Thursday, September 30, 2010

To reform financial regulations we need to reform in depth the Basel Committee.

In May 2003, as an Executive Director of the World Bank, I told those many present at a risk management workshop for regulators the following with respect to the role of the Credit Rating Agencies. “I simply cannot understand how a world that preaches the value of the invisible hand of millions of market agents can then go out and delegate so much regulatory power to a limited number of human and very fallible credit-rating agencies. This sure must be setting us up for the mother of all systemic errors.” And this I repeated over and over again, even in the press.

Now the IMF is finally admitting “Policy makers should continue their efforts to reduce their own reliance on credit ratings, and wherever possible remove or replace references to ratings in laws and regulations, and in central bank collateral policies”

That is good, better late than never. But the real question has to be why on earth it had to take a financial crisis of monstrous proportions to reach a conclusion that should have been apparent to any regulator from the very beginning.

I saw it happen and I know why it happened. As I wrote in a letter published in the Financial Times in November 2004, it was the result of the whole debate about bank regulations being sequestered by the members of a small mutual admiration club.
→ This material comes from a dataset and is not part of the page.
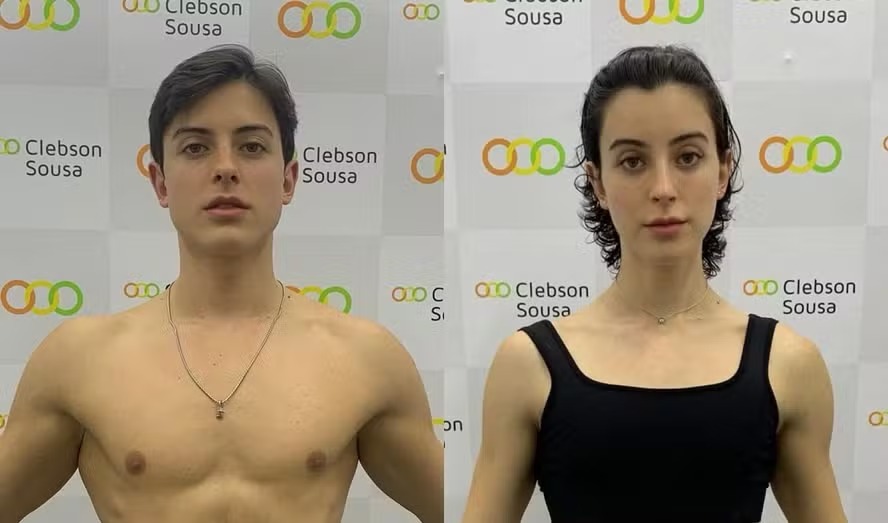 Bella Longuinho mostra antes e depois da transição de gênero: ‘Agora sou mais eu’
If there is now something even more important than rectifying the faulty financial regulations, that is to break up the Basel Committee and make absolutely sure it represents a much more diversified group of thinkers. That would have at least guaranteed that the basic question of what the purpose of the banks should be would have been put in the forefront before regulating them. Current regulations do not contain one word about that.

Besides me there were not too many but still plenty of experts who raised the question of whether the credit rating agencies should have such a prominent role. These persons should participate in designing and putting in place the needed reforms. It is simply unacceptable that these reforms with huge global implications are implemented exclusively by Monday morning quarterbacks.